● INSTRUCTIONS FOR THE TASK: Shown below are entries with pictures; the line with "a doctor discussing" through the line with "2000 BMW 5 Series" is the span to retype exactly, and the pictures stay out.

● TASK INPUTS:
════

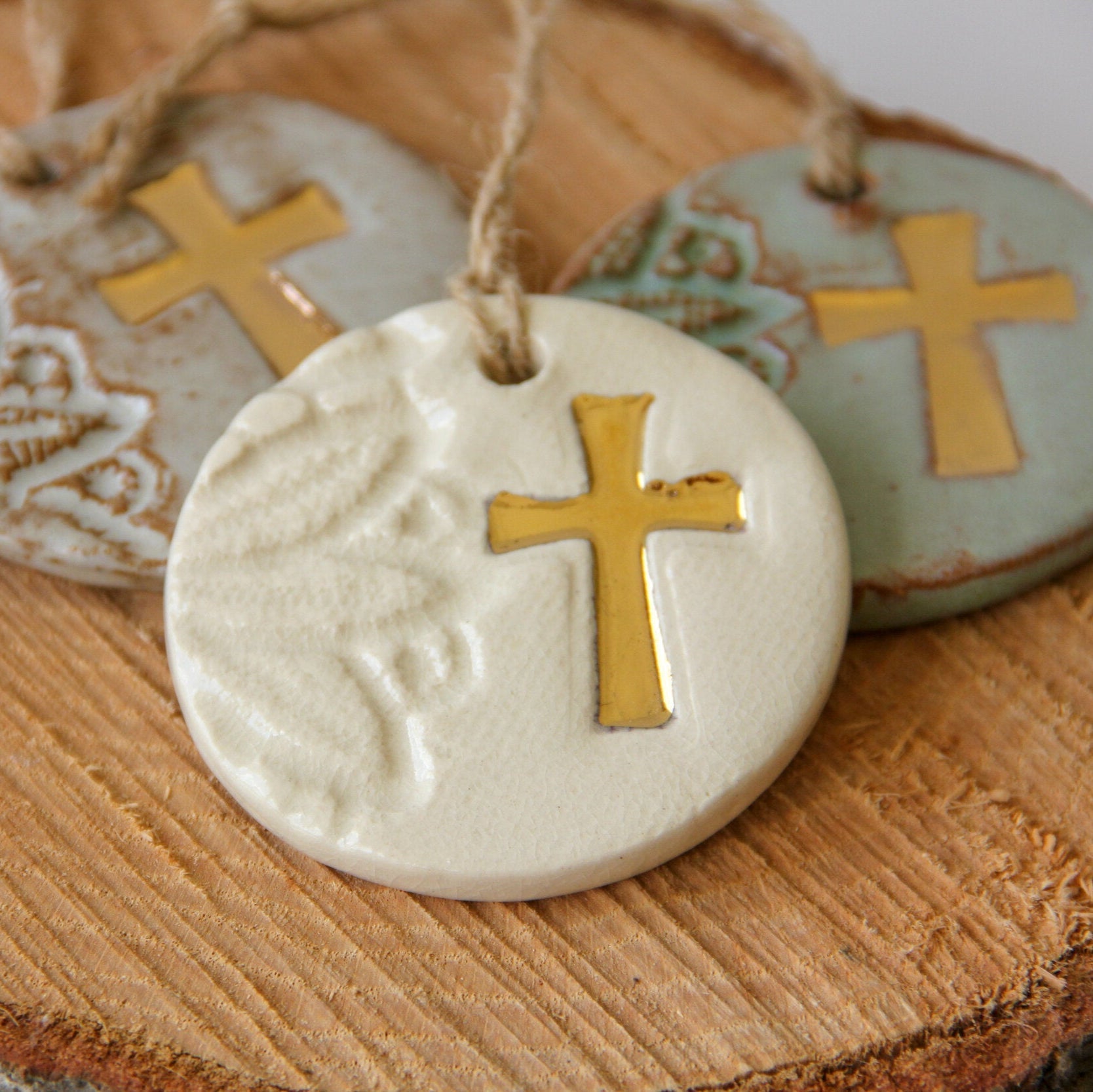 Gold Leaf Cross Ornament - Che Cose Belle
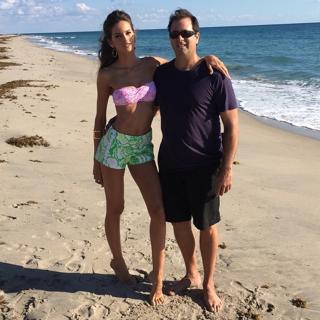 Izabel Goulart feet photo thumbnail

════

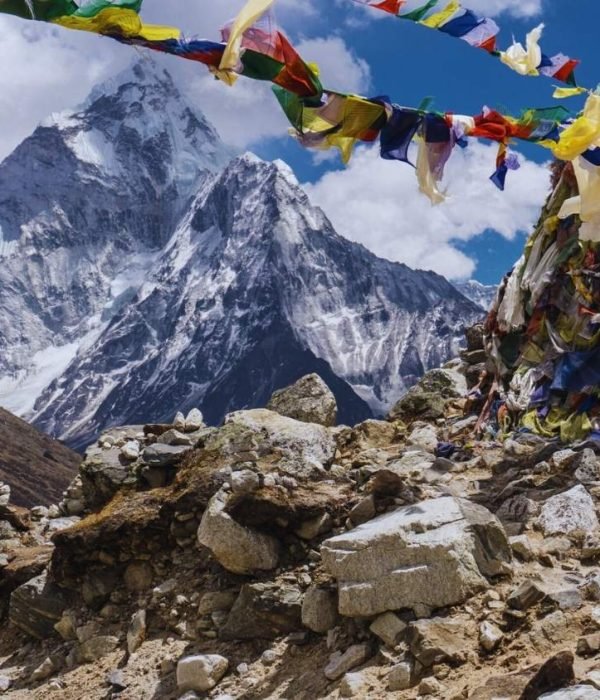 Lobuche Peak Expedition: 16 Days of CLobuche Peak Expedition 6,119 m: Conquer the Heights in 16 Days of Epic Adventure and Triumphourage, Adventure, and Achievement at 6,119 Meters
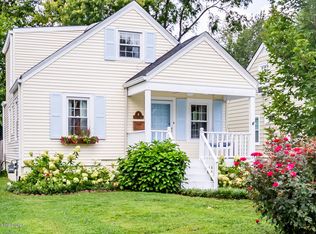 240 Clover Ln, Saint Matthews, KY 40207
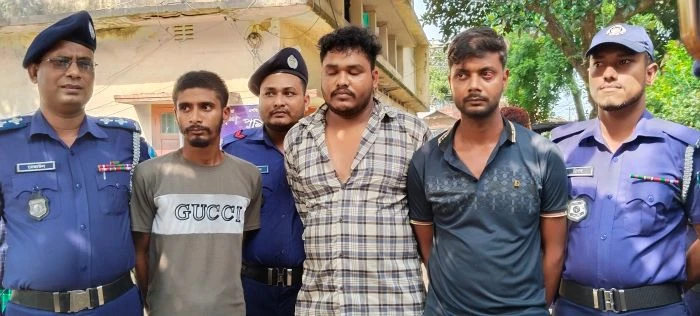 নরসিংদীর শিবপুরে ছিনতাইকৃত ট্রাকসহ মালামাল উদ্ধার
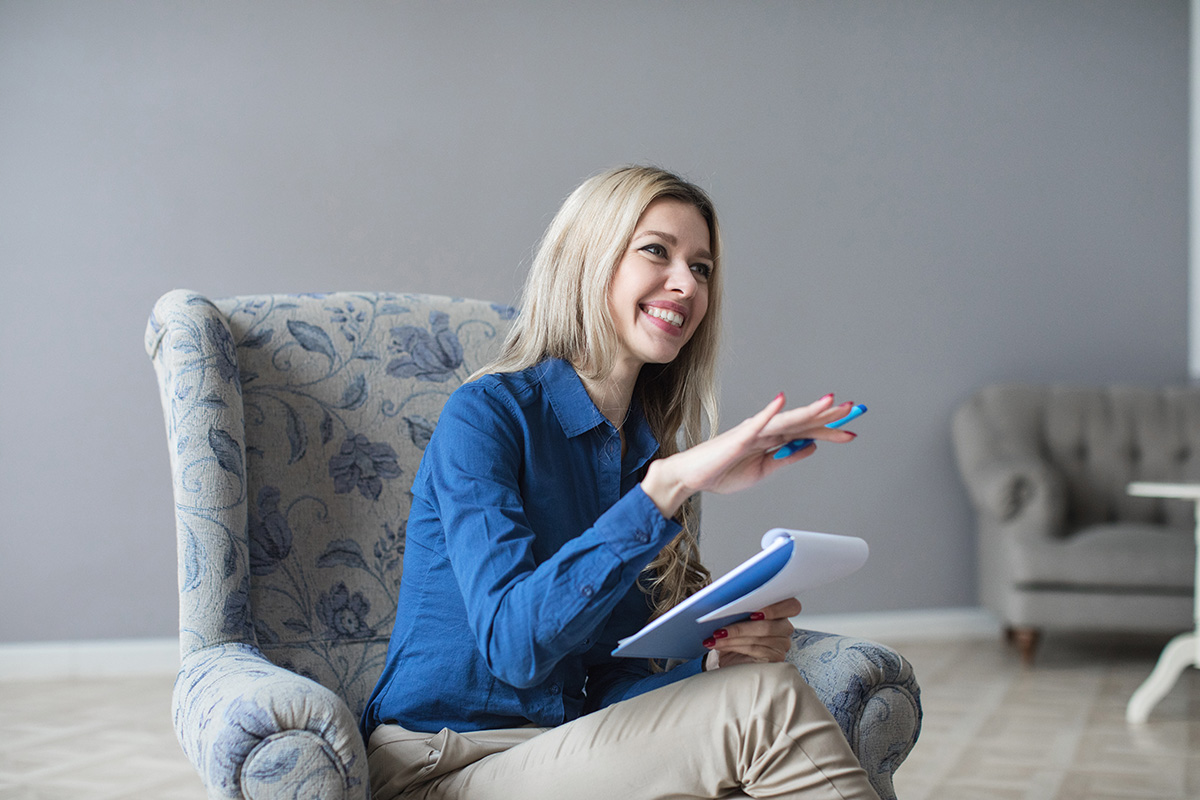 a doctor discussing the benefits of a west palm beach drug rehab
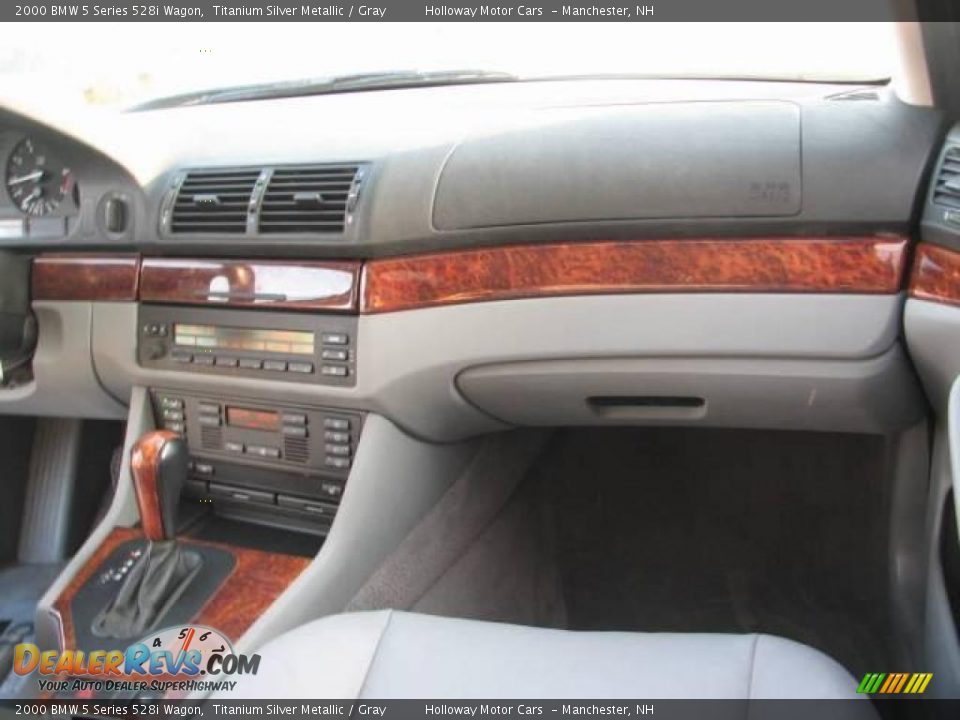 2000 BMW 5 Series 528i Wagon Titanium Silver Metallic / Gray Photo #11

════

● TASK ANSWER:
 a doctor discussing the benefits of a west palm beach drug rehab
 2000 BMW 5 Series 528i Wagon Titanium Silver Metallic / Gray Photo #11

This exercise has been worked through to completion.